CHAPTER XVII.
WASHINGTON IN THE SESSION. Dashes at life with a free pencil | ||
17. CHAPTER XVII.
WASHINGTON IN THE SESSION.
There is a sagacity acquired by travel on the subject
of forage and quarters, which is useful in all other
cities in the world where one may happen to be a
stranger, but whicch is as inapplicable to the emergencies
of an arrival in Washington as waltzing in a shipwreck.
It is a capital whose peculiarities are as much
sui generis as those of Venice; but as those who have
become wise by a season's experience neither remain
on the spot to give warning, nor have recorded their
experiences in a book, the stranger is worse off in a
coach in Washington than in a gondola in the “city
of silver streets.”
It is well known, I believe, that when the future
city of Washington was about being laid out, there
were two large lot-buyers or land-owners, living two
miles apart, each of whom was interested in having
the public buildings upon the centre of his own domain.
Like children quarrelling for a sugar horse,
the subject of dispute was pulled in two, and one got
the head, the other the tail. The capitol stands on a
rising ground in solitary grandeur, and the president's
house and department buildings two miles off on another.

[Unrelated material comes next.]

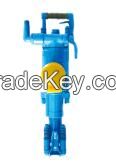Multi-functional rock driller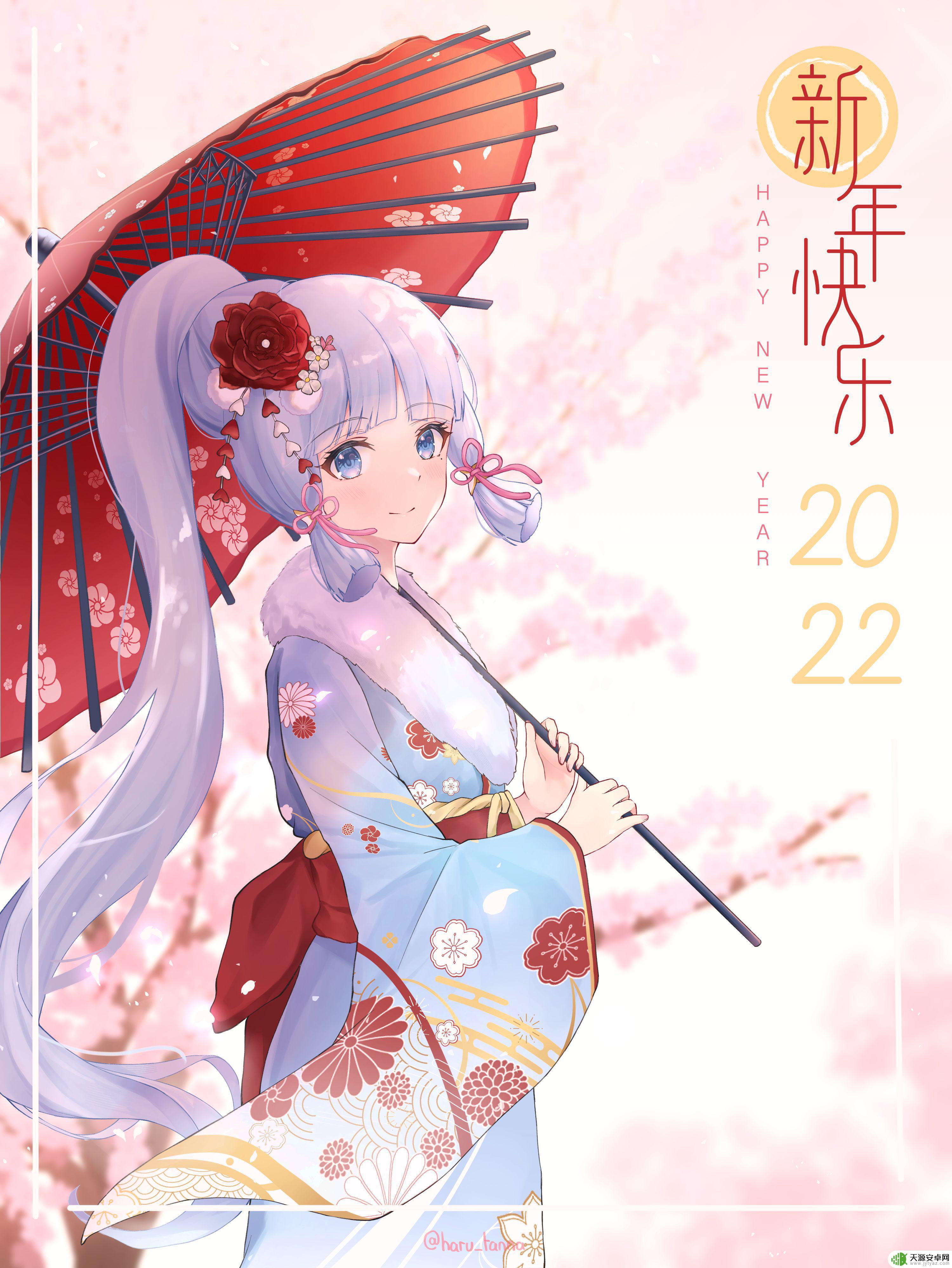 原神素描画 原神神里凌华高清手机壁纸下载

The city straddles and stretches between,
doing its best to look continuous and compact; but
the stranger soon sees that it is, after all, but a “city
of magnificent distances,” built to please nobody on
earth but a hackney-coachman.
The new-comer, when asked what hotel he will
drive to, thinks himself very safe if he chooses that
nearest the capitol—supposing, of course, that, as
Washington is purely a legislative metropolis, the
most central part will naturally be near the scene of
action. He is accordingly set down at Gadsby's, and,
at a price that would startle an English nobleman, he
engages a pigeon-hole in the seventh heaven of that
boundless caravansary. Even at Gadsby's, however,
he finds himself over half a mile from the capitol, and
wonders, for two or three days, why the dence the
hotel was not built on some of the waste lots at the
foot of Capitol hill, an improvement which might
have saved him, in rainy weather, at least five dollars
a day in hack-hire. Meantime the secretaries and
foreign ministers leave their cards, and the party and
dinner-giving people shower upon him the “small
rain” of pink billets. He sets apart the third or fourth
day to return their calls, and inquires the addresses
because, if they did, it would be no guide), and is told
it is impossible to direct him, but the hackney-coachmen
all know! He calls the least ferocious-looking of the
most bullying and ragged set of tatterdemalions he has
ever seen, and delivers himself and his visiting-list into
his hands. The first thing is a straight drive two
miles away from the capitol. He passes the president's
house, and getting off the smooth road, begins
to drive and drag through cross lanes and open lots,
laid out according to no plan that his loose ideas of
geometry can comprehend, and finds his friends living
in houses that want nothing of being in the country,
but trees, garden, and fences. It looks as if it had
rained naked brick houses upon a waste plain, and
each occupant had made a street with reference to his
own front door. The much-shaken and more-astonished
victim consumes his morning and his temper,
and has made, by dinner-time, but six out of forty
calls, all imperatively due, and all scattered far and
wide with the same loose and irreconcilable geography.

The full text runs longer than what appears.